Most polls point to nine battleground states. However, some recent data has also included Pennsylvania and Michigan among the swing states. They remain in the Obama camp, but his lead has narrowed lately, possibly putting them into play.
Here is the schedule of poll closings for the battleground states:
7 PM ET - Virginia
7:30 PM ET - Ohio, North Carolina
8 PM ET - Florida, New Hampshire, [Pennsylvania]
9 PM ET - Colorado, Wisconsin, [Michigan]
10 PM ET - Iowa, Nevada
Remember, a presidential candidate requires 270 electoral votes to win. Each state has a different number of electoral votes based on population. Polls in most states show a clear victory is likely for one candidate or the other - leaving the presidential election to be decided by the so-called battleground or swing states.
Here is what to watch as the polls close Tuesday night:
7:00 PM ET
There's not much to be told by Virginia alone at 7 PM ET. However, it might be an indication of how things are leaning in the swing states, especially North Carolina.
Virginia and North Carolina have voted for the same candidate in every presidential election going back to 1976, when Virginia went for the Republican Gerald Ford and North Carolina voted with the rest of the South for Georgian Jimmy Carter.
So the last eight elections have seen these two states line up together in the presidential contest - meaning that where Virginia lands is likely a good indication of where North Carolina might end up.
7:30 PM ET
The first key test will come at 7:30 PM ET, when polls close in both Ohio and North Carolina.
If Obama takes Ohio and North Carolina, he pretty much has the election won, barring any surprises in other states that are considered locks for his camp.
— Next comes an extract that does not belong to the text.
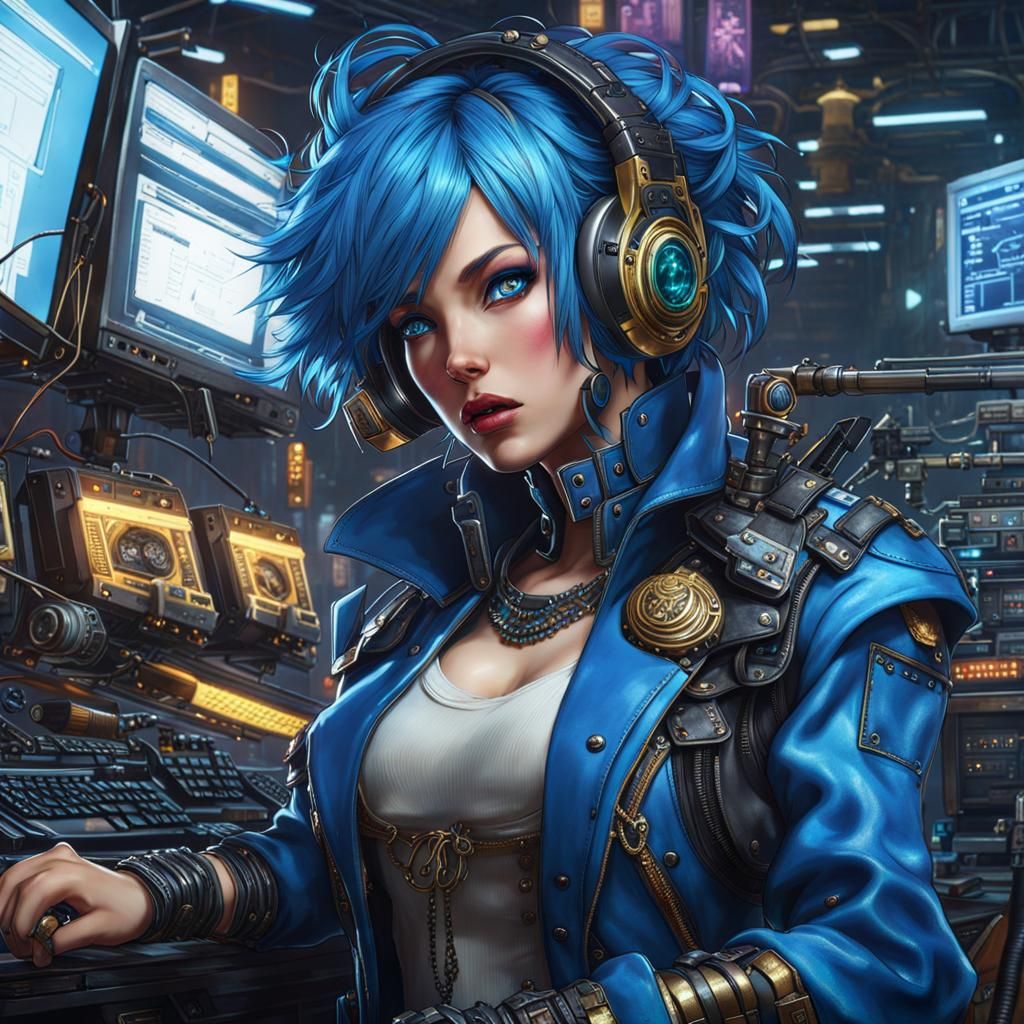 Angry Punk Girl Destroys Computers in Cyberpunk Anime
Even a loss in Florida at this point - considered by many to be the most important swing state - would not be a debilitating defeat.
However, if Romney wins both North Carolina and Ohio, the momentum shifts decidedly toward the Republican. Presumably, if Romney wins North Carolina, he would have already secured Virginia as well. This makes Florida - a state that seems to be leaning towards the Republican camp - almost all important for Obama to take.
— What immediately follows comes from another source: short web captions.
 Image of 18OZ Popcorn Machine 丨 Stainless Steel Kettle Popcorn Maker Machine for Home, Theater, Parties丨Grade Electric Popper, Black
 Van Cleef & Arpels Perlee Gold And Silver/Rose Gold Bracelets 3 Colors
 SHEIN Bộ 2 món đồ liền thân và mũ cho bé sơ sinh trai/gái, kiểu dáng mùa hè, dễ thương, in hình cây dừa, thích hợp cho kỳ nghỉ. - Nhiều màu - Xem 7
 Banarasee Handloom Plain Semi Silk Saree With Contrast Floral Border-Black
Meanwhile, a split of the 7:30 PM ET swing states keeps Florida in the spotlight.
8:00 PM ET
Any split would make Florida the key - an Obama win there would secure the election for him. If Obama takes Ohio, but loses North Carolina (and probably Virginia), then the attention shifts to Florida, but momentum would still seem to favor Obama.
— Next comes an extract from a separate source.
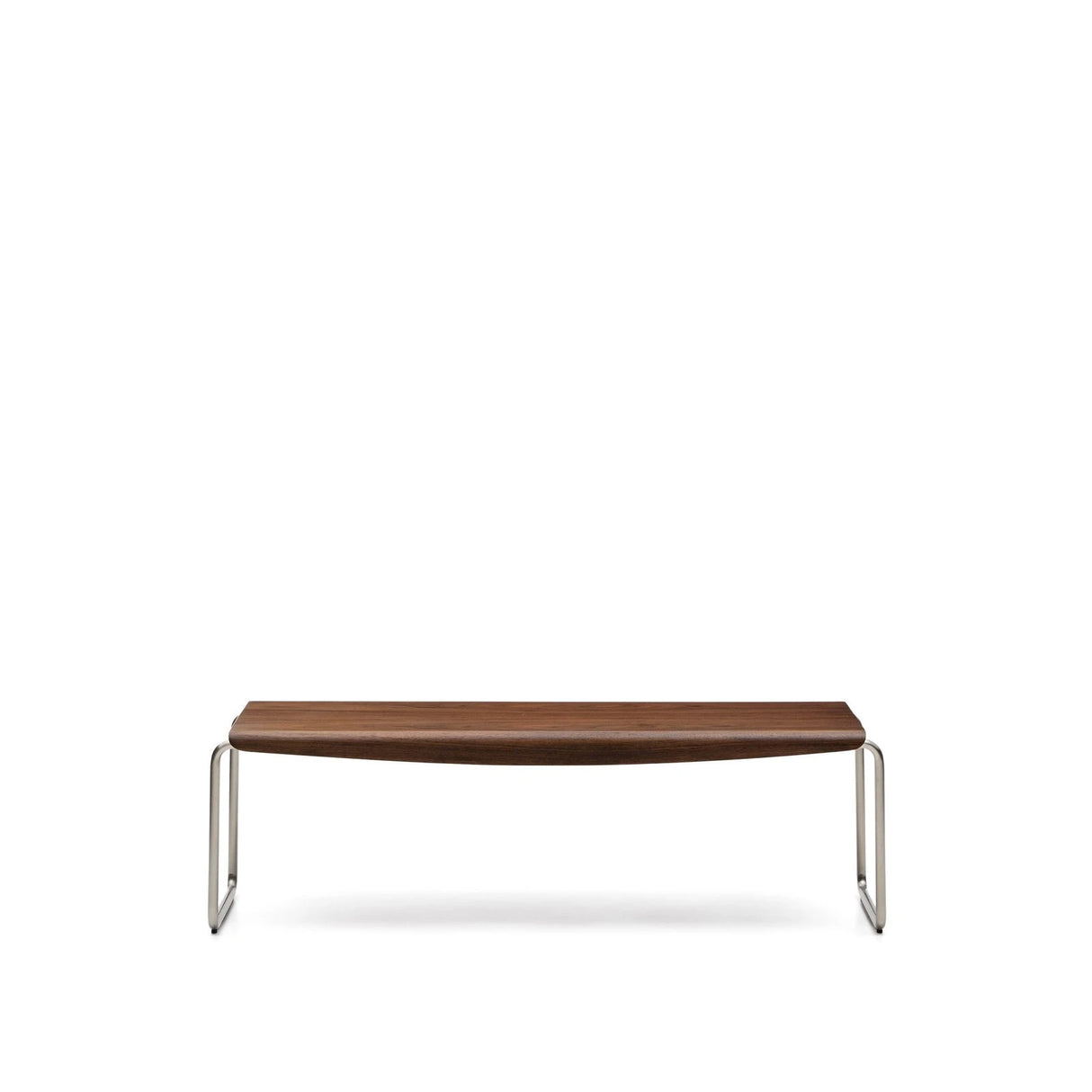 Bank Tarsel aus Nussbaumfurnier FSC 100% mit Gestell aus gebürstetem Edelstahl 142 cm von Kave Home – Produktbild 1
Florida polls close at 8 PM. If Obama wins the Sunshine State, he's basically won the election. He needs only to hold the states he is expected to win and secure one other swing state to lock up the number of electoral votes he needs.
If Obama loses Florida, then it is important what happened before. If Romney has swept the swing states up to this point - Virginia, Ohio, North Carolina and Florida - then the former Massachusetts governor will need just one other swing state to reach the key electoral vote total.
However, if the early swing states have split, Obama will have a number of paths open for a second presidential term. If he has lost Ohio, but picked up North Carolina and Virginia, the president will just need to secure one other swing state to win. If he won in Ohio, but lost in the states of the upper South, then he would basically need two more swing states further west to fall into his camp.
The tone of the election will likely be decided by Florida. A close vote might keep the state undecided until late into the evening (with visions of 2000 playing in everyone's minds). The later poll closings - in places like Colorado, Nevada, Iowa and Wisconsin - could either sew up the election, or keep things interesting while Florida is in limbo.